Dataset items

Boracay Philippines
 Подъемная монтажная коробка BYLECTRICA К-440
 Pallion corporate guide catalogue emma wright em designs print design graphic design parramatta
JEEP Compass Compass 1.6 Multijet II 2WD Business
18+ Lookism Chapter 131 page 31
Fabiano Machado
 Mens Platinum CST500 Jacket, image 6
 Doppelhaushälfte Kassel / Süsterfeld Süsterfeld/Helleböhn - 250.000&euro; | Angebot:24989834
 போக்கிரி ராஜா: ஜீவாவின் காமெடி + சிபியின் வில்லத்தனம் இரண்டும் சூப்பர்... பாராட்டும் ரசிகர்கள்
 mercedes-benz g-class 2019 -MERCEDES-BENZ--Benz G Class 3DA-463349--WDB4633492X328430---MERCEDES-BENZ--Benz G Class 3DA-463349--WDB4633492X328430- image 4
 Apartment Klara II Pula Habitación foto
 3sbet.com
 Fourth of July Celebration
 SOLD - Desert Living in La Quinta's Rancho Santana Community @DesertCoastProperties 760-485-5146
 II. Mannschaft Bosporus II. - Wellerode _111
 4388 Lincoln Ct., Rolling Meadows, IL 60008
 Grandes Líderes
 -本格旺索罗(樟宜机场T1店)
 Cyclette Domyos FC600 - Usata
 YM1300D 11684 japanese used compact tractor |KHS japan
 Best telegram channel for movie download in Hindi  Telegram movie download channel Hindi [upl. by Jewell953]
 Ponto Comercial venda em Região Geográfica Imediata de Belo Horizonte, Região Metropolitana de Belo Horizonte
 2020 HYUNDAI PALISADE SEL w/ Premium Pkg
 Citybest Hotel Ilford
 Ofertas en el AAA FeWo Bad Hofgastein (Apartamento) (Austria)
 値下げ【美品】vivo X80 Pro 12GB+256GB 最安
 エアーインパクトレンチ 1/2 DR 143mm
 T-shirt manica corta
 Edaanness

• _Brief_
Transcribe the full set of records precisely.

• _Written solution_
Boracay Philippines
 Подъемная монтажная коробка BYLECTRICA К-440
 Pallion corporate guide catalogue emma wright em designs print design graphic design parramatta
JEEP Compass Compass 1.6 Multijet II 2WD Business
18+ Lookism Chapter 131 page 31
Fabiano Machado
 Mens Platinum CST500 Jacket, image 6
 Doppelhaushälfte Kassel / Süsterfeld Süsterfeld/Helleböhn - 250.000&euro; | Angebot:24989834
 போக்கிரி ராஜா: ஜீவாவின் காமெடி + சிபியின் வில்லத்தனம் இரண்டும் சூப்பர்... பாராட்டும் ரசிகர்கள்
 mercedes-benz g-class 2019 -MERCEDES-BENZ--Benz G Class 3DA-463349--WDB4633492X328430---MERCEDES-BENZ--Benz G Class 3DA-463349--WDB4633492X328430- image 4
 Apartment Klara II Pula Habitación foto
 3sbet.com
 Fourth of July Celebration
 SOLD - Desert Living in La Quinta's Rancho Santana Community @DesertCoastProperties 760-485-5146
 II. Mannschaft Bosporus II. - Wellerode _111
 4388 Lincoln Ct., Rolling Meadows, IL 60008
 Grandes Líderes
 -本格旺索罗(樟宜机场T1店)
 Cyclette Domyos FC600 - Usata
 YM1300D 11684 japanese used compact tractor |KHS japan
 Best telegram channel for movie download in Hindi  Telegram movie download channel Hindi [upl. by Jewell953]
 Ponto Comercial venda em Região Geográfica Imediata de Belo Horizonte, Região Metropolitana de Belo Horizonte
 2020 HYUNDAI PALISADE SEL w/ Premium Pkg
 Citybest Hotel Ilford
 Ofertas en el AAA FeWo Bad Hofgastein (Apartamento) (Austria)
 値下げ【美品】vivo X80 Pro 12GB+256GB 最安
 エアーインパクトレンチ 1/2 DR 143mm
 T-shirt manica corta
 Edaanness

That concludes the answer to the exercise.